__Problem details__.
From the first line of the data below, repeat each line exactly until you reach the line with "portrait of the"; include that line too.

Records from a data source
▬▬▬▬▬▬▬▬▬▬

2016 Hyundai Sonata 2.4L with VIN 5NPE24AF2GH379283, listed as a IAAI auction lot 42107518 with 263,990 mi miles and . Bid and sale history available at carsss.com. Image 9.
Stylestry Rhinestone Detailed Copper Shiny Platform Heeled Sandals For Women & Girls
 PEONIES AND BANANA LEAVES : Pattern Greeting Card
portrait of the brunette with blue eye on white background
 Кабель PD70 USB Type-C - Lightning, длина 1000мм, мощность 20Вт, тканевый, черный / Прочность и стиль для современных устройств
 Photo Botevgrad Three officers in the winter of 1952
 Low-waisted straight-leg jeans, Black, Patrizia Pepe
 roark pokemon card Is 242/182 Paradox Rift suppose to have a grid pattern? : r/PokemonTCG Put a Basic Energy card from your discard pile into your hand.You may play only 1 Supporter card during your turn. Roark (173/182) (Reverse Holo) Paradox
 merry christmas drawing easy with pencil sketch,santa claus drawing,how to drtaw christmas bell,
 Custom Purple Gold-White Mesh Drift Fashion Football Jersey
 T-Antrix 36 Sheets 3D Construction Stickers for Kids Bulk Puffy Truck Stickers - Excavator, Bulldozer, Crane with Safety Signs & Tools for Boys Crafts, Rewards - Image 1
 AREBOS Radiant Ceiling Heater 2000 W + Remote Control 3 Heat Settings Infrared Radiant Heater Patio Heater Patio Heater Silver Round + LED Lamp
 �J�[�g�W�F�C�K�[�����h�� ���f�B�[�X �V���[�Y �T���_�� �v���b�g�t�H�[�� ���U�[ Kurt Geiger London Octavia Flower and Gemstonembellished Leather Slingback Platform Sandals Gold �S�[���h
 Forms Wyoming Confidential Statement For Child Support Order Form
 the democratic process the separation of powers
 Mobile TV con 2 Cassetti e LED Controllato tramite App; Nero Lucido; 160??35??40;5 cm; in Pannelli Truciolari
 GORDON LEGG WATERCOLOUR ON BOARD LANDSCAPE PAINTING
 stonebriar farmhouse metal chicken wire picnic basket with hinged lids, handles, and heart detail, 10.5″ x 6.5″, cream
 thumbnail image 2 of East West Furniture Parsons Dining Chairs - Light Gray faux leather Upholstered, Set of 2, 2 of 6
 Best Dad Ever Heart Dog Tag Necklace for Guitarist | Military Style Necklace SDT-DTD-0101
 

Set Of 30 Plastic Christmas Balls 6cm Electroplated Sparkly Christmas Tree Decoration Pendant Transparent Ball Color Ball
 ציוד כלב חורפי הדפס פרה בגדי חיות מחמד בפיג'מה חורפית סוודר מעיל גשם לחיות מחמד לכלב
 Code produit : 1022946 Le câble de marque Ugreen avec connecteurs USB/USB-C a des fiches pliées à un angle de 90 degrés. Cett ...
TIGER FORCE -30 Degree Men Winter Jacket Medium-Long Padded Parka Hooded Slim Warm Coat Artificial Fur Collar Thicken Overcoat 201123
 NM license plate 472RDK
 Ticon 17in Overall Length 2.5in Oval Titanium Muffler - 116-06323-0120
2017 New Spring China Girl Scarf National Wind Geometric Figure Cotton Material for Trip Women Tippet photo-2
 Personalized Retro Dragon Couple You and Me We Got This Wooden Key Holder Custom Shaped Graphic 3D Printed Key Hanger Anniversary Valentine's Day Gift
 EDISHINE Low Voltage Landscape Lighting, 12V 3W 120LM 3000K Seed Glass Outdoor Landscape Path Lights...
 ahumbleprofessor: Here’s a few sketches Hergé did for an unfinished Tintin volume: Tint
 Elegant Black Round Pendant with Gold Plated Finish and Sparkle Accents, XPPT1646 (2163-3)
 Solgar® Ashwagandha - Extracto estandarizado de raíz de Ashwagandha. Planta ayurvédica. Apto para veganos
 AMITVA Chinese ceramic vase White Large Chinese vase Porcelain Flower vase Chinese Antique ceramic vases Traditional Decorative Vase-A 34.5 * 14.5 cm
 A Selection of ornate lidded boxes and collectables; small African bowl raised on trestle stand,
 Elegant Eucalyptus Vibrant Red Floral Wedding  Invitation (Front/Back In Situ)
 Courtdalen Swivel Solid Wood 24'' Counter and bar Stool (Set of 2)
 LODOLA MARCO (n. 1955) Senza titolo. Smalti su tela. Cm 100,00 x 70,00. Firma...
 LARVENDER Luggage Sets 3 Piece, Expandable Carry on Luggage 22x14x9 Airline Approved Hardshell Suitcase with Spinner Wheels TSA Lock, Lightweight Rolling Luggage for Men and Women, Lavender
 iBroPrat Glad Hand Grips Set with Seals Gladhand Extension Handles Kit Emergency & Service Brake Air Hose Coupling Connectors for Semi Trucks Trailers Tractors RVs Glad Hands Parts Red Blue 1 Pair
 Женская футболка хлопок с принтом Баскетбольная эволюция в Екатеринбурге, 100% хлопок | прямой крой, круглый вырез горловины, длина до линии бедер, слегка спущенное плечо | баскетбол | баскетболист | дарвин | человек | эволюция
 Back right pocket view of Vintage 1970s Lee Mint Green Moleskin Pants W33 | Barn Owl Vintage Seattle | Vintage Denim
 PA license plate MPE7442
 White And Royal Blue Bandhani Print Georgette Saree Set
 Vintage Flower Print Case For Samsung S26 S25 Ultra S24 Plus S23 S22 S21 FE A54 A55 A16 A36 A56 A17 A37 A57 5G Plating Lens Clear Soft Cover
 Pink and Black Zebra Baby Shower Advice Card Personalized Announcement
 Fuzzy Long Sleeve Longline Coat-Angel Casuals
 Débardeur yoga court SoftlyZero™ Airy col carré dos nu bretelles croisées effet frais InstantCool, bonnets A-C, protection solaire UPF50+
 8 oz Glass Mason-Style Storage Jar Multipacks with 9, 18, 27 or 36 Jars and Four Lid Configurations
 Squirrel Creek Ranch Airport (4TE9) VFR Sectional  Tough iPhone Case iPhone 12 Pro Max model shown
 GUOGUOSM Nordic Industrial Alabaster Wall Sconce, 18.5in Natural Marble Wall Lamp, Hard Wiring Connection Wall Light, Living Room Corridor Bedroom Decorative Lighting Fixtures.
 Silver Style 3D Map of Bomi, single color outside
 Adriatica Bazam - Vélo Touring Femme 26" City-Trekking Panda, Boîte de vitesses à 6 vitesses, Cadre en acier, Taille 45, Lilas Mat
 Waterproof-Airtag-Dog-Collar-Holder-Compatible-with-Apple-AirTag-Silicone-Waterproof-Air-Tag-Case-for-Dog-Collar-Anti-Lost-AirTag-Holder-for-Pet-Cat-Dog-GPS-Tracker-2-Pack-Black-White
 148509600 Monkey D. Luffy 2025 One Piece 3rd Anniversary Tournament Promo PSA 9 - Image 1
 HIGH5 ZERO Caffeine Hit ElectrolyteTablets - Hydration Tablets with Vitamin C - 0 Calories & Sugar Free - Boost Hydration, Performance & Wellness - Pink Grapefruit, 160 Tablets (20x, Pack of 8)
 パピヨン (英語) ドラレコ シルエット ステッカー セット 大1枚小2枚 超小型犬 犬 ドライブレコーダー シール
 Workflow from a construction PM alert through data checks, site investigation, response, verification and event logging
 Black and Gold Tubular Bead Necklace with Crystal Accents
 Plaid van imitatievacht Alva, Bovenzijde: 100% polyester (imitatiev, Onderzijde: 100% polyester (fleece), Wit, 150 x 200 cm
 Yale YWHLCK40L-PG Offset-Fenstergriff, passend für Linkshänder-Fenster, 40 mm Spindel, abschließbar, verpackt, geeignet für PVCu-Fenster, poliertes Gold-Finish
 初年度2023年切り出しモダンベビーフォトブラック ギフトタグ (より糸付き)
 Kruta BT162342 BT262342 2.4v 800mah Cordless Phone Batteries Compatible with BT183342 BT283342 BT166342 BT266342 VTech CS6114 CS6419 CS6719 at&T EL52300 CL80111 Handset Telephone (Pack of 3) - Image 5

▬▬▬▬▬▬▬▬▬▬

__Task solution__.
2016 Hyundai Sonata 2.4L with VIN 5NPE24AF2GH379283, listed as a IAAI auction lot 42107518 with 263,990 mi miles and . Bid and sale history available at carsss.com. Image 9.
Stylestry Rhinestone Detailed Copper Shiny Platform Heeled Sandals For Women & Girls
 PEONIES AND BANANA LEAVES : Pattern Greeting Card
portrait of the brunette with blue eye on white background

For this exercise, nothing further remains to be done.